B12C-06
SEEDS for Big Dark Data Collection and Sharing in Biogeochemistry: LeafWeb as an Example

Monday, 14 December 2015: 11:35
2004 (Moscone West)
Lianhong Gu, Oak Ridge National Laboratory, Oak Ridge, TN, United States
Abstract:
   Dark data are any data of value to society but not easily found or readily used by potential users. Dark data are typically those gathered by individual scientists in small independent projects, in contrast to visible data collected, in general, by large coordinated teams in organized projects with well-executed data management and sharing plans. Analogous to dark matter vs. visible matter in the universe, dark data may be more voluminous than visible data as majority of the scientists of the world work in small independent projects. Dark data can be easily lost to science. The scientific community has a collective responsibility to curb this wasteful loss of valuable research resources.
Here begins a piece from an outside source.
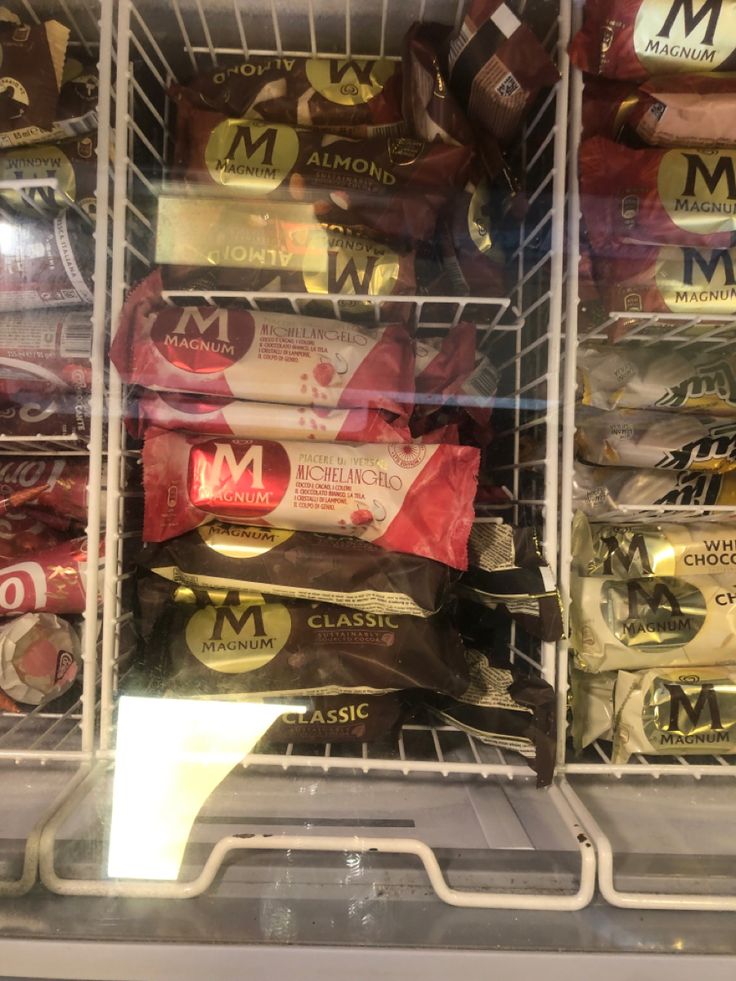 an open refrigerator filled with lots of different types of food and snacks in it's display case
We believe this responsibility can be carried out without adding an undue administrative burden to data contributors if an innovative information system implementing the SErvices in Exchange for Data Sharing (SEEDS) principle is available. It is a tedious and time-consuming process to make data ready for long-term archiving and for sharing with the broader scientific community. At present, this process occurs after individual scientists have already spent considerable amount of time to prepare the data for rigorous mathematical and statistical analyses to satisfy their own research objectives, which generally culminates in the publication of scientific papers. Productive scientists are busy. Even if they are willing to share their data, they may not have the time needed to take cumbersome extra steps to make the data understandable and usable to others. Lack of motivation may also become an issue after the scientific findings of interest to them have been extracted and published; for them, this is a time to look for a new exciting research frontier to attack, not a time to dwell on past research. SEEDS integrates data analyses, sharing, and management into a single IS service process, which reduces data contributors’ own research workload and also eliminates the time cost of data sharing. In this presentation, I will use LeafWeb (leafweb.ornl.gov) to demonstrate how the SEEDS principle can be implemented in the context of Earth system science and biogeochemistry.